However, the NEGL took part in only a few interlined through-routes in cooperation with other operating companies – those between Boston and both Richmond and Norfolk (both in Virginia), both with the Pennsylvania GL and the Richmond GL, and between New York City and both Bennington and Burlington (both in Vermont), with the Vermont Transit Company, in which The Greyhound Corporation then owned a minority interest.

== Meeting other Greyhound companies ==
The New England GL met the EGL of New York in Boston and the Central GL and the Pennsylvania GL in New York City.

== Merger with Pennsylvania GL ==
In 1955, during a time of consolidation, Greyhound merged the New England GL (and the Richmond GL, another regional subsidiary) with the Pennsylvania GL, all of which became redesignated as the Eastern Division of The Greyhound Corporation [called also the (second) Eastern GL], the first of four huge new divisions (along with Southern, Western, and another Central)].

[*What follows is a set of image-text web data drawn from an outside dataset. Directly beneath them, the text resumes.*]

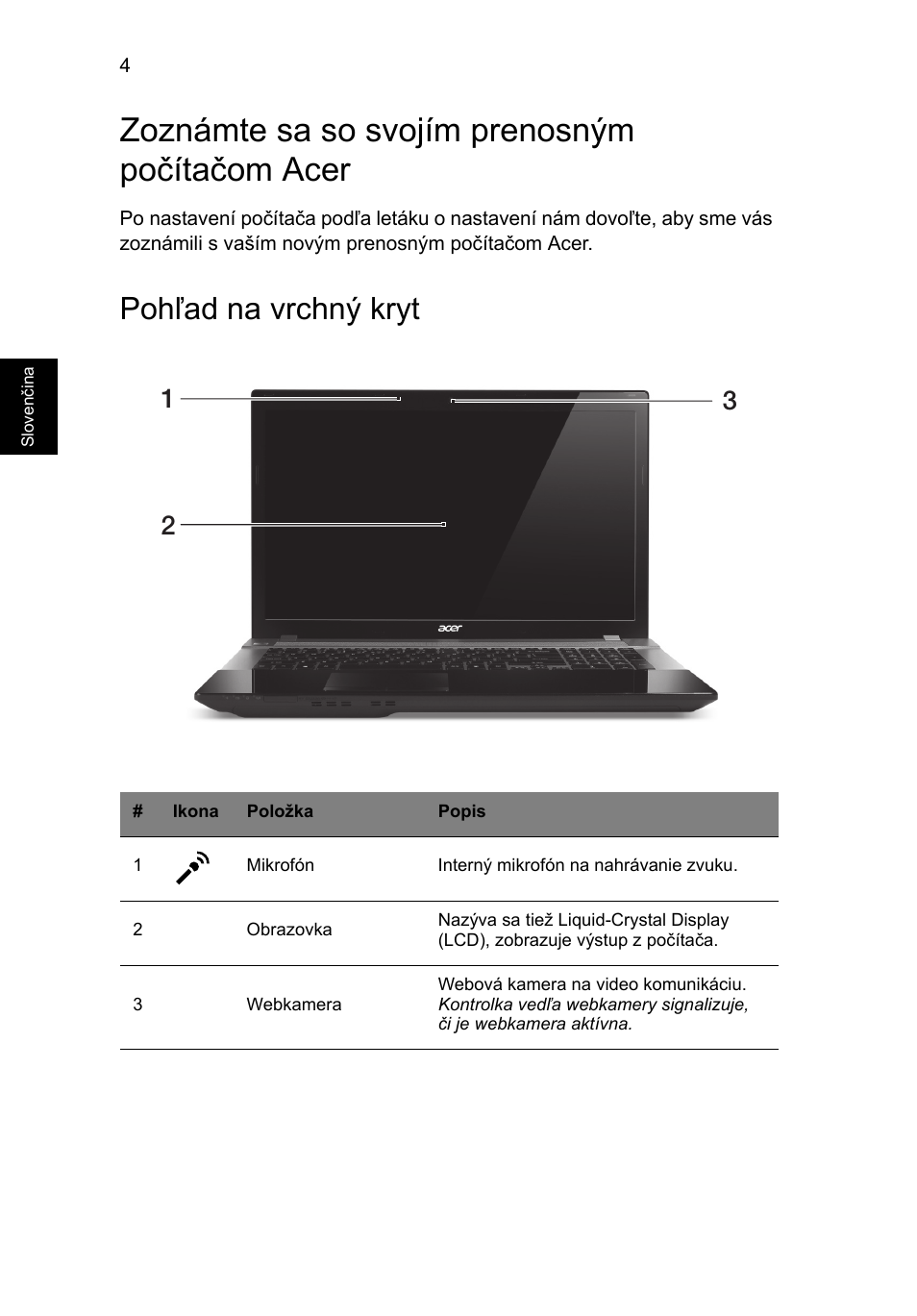 Zoznámte sa so svojím prenosným počítačom acer, Pohľad na vrchný kryt | Acer Aspire V3-771G User Manual | Page 190 / 366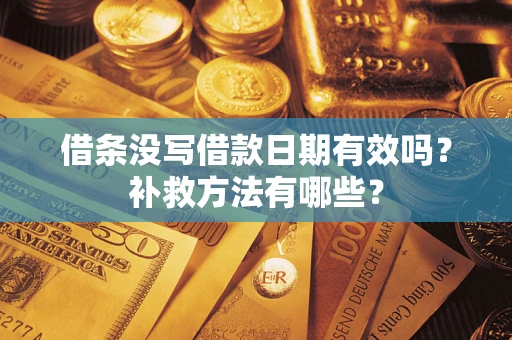 武汉借条没写借款日期有效吗?补救方法有哪些? 武汉借条没写借款日期有效吗?补救方法有哪些?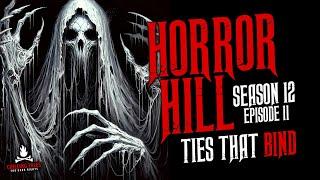 "Ties That Bind" S12E11  Horror Hill (Scary Stories Creepypasta Podcast)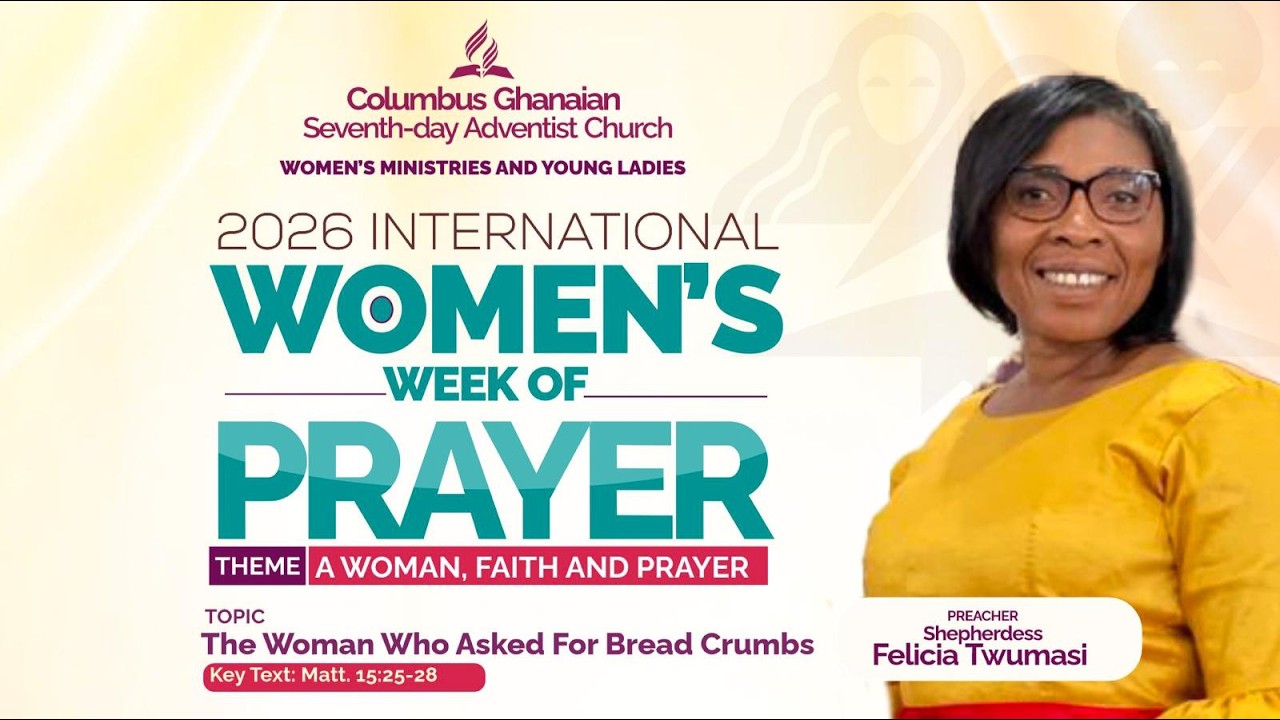 HAPPY SABBATH, INTERNATIONAL WOMEN'S WEEK OF PRAYER, Sermon by Mrs Felicia Twumasi,3/14/26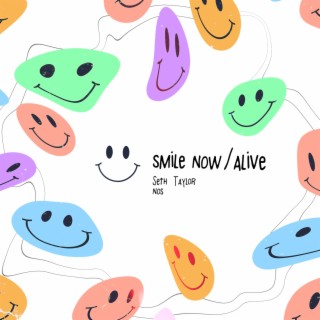 Alive / Smile Now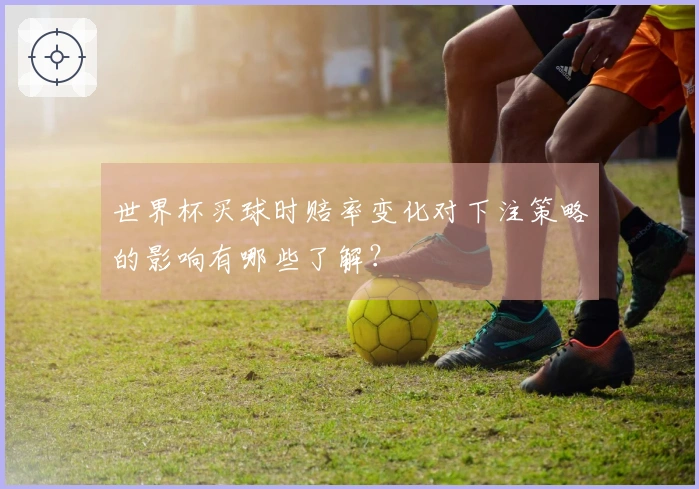世界杯买球时赔率变化对下注策略的影响有哪些了解？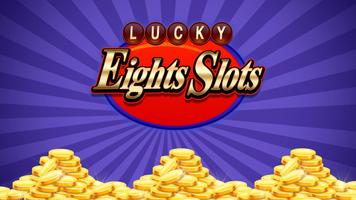 Lucky Eights Slots Poster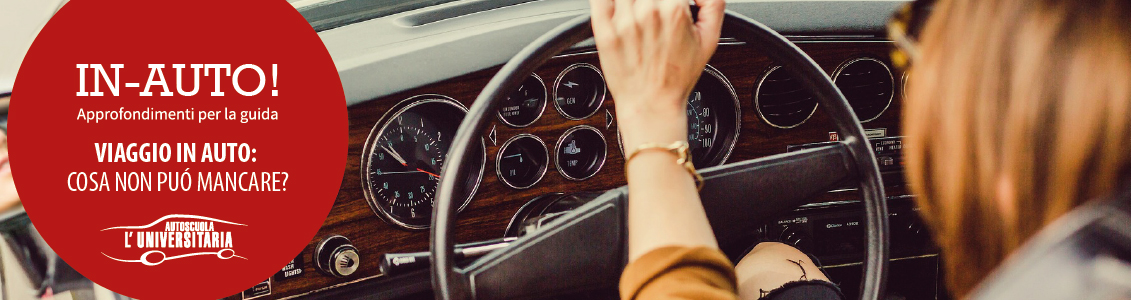 Cosa non puo’ mancare per un viaggio in auto?
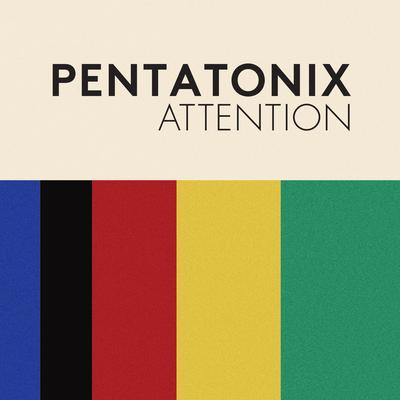 Attention By Pentatonix's cover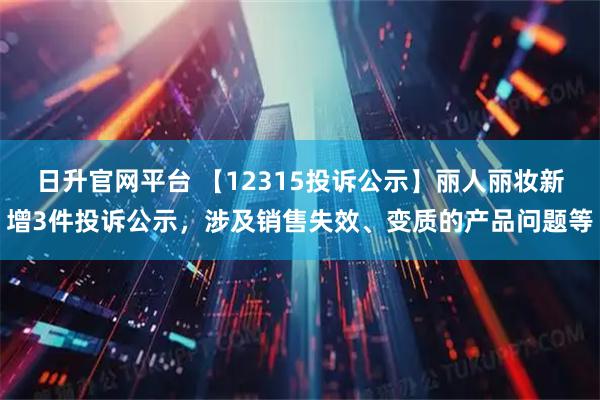 日升官网平台 【12315投诉公示】丽人丽妆新增3件投诉公示，涉及销售失效、变质的产品问题等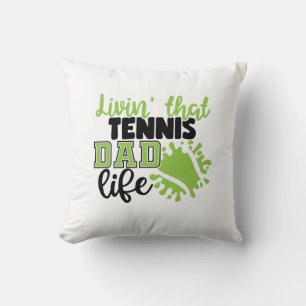 Tennis Player Livin That Tennis Dad Life Cushion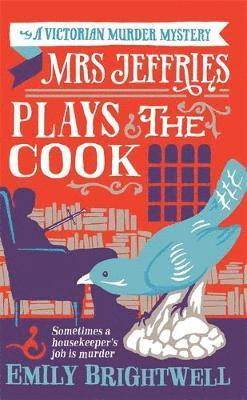 Mrs Jeffries Plays The Cook by Emily Brightwell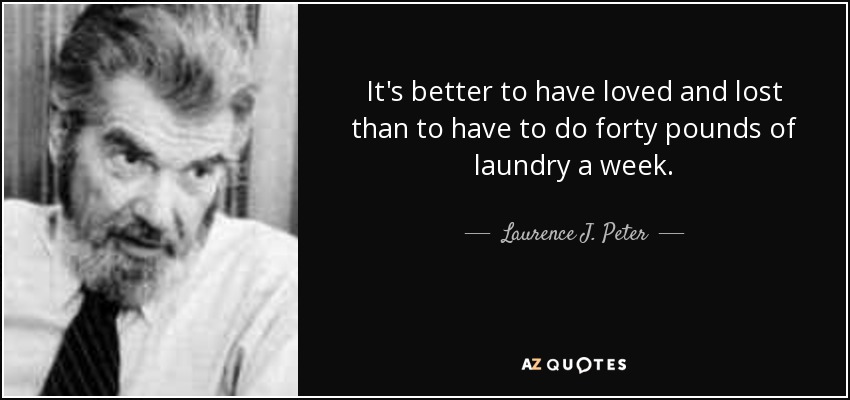 It's better to have loved and lost than to have to do forty pounds of laundry a week. - Laurence J. Peter
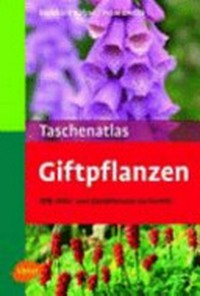 Taschenatlas Giftpflanzen: 170 Wild- und Zierpflanzen im Porträt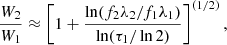 $$ \begin{aligned} \dfrac{W_2}{W_1} \approx \left[1+\dfrac{\ln (f_2 \lambda _2 / f_1 \lambda _1)}{\ln (\tau _1 / \ln 2)}\right]^{(1/2)} ,\end{aligned} $$
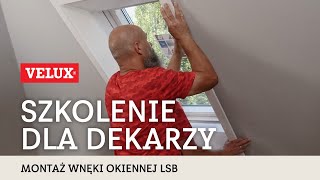 Szkolenie dla dekarzy  montaż wnęki okiennej VELUX LSB [upl. by Suoivatnom]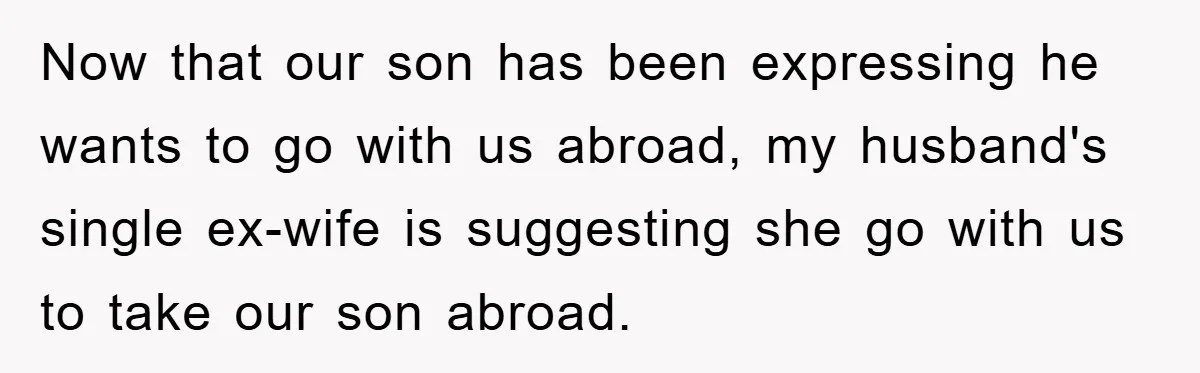 Now that our son has been expressing he wants to go with us abroad, my husband's single ex-wife is suggesting she go with us to take our son abroad.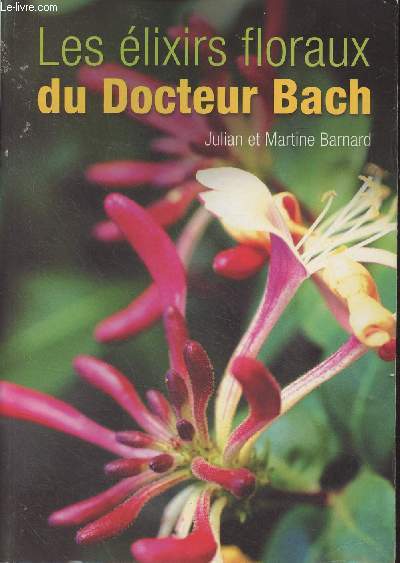 Les lixirs floraux du Docteur Bach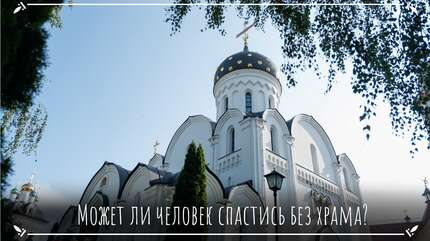 Может ли человек спастись без храма?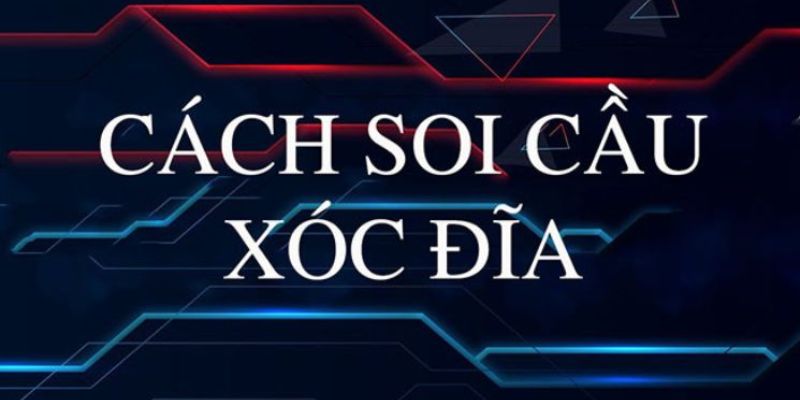 Khái quát về cách bắt cầu xóc đĩa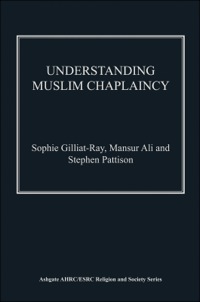 Cover image: Understanding Muslim Chaplaincy 9781409435921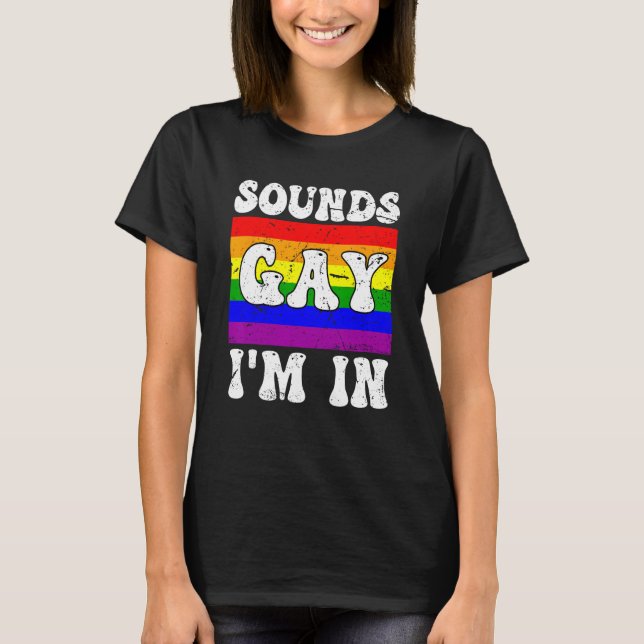 Camiseta Sounds Gay I m In  LGBTQ Rainbow Flag Gay Pride Al (Frente)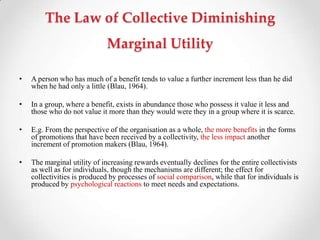 The Law of Collective Diminishing
Marginal Utility
• A person who has much of a benefit tends to value a further increment less than he did
when he had only a little (Blau, 1964).
• In a group, where a benefit, exists in abundance those who possess it value it less and
those who do not value it more than they would were they in a group where it is scarce.
• E.g. From the perspective of the organisation as a whole, the more benefits in the forms
of promotions that have been received by a collectivity, the less impact another
increment of promotion makers (Blau, 1964).
• The marginal utility of increasing rewards eventually declines for the entire collectivists
as well as for individuals, though the mechanisms are different; the effect for
collectivities is produced by processes of social comparison, while that for individuals is
produced by psychological reactions to meet needs and expectations.
 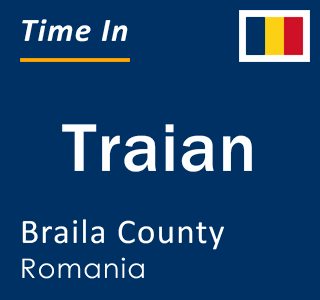 Current local time in Traian, Braila County, Romania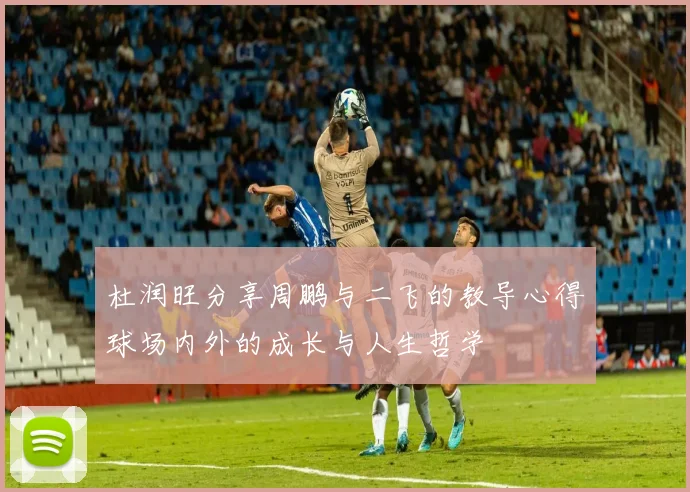 杜润旺分享周鹏与二飞的教导心得球场内外的成长与人生哲学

[In the previous year, 1954, Greyhound had already merged the Capitol GL and the (second) Central GL into the Pennsylvania GL.]

Thus ended the New England GL, and thus began the (second) Eastern GL.

== Beyond New England GL ==
Later (about 1966) The Greyhound Corporation reorganized again, into just two humongous divisions, named as the Greyhound Lines East (GLE) and the Greyhound Lines West (GLW); even later (about 1970) it eliminated those two divisions, thereby leaving a single gargantuan undivided nationwide fleet.

In 1987 The Greyhound Corporation (the original parent Greyhound firm), which had become widely diversified far beyond transportation, sold its entire highway-coach operating business (its core bus business) to a new company, named as the (second) Greyhound Lines, Inc., also called the (second) GLI, based in Dallas, Texas – a separate, independent, unrelated firm, which was the property of a group of private investors under the promotion of Fred Currey, a former executive of the Continental Trailways (later renamed as the Trailways, Inc., also called TWI, also based in Dallas), which was by far the largest member company in the Trailways association.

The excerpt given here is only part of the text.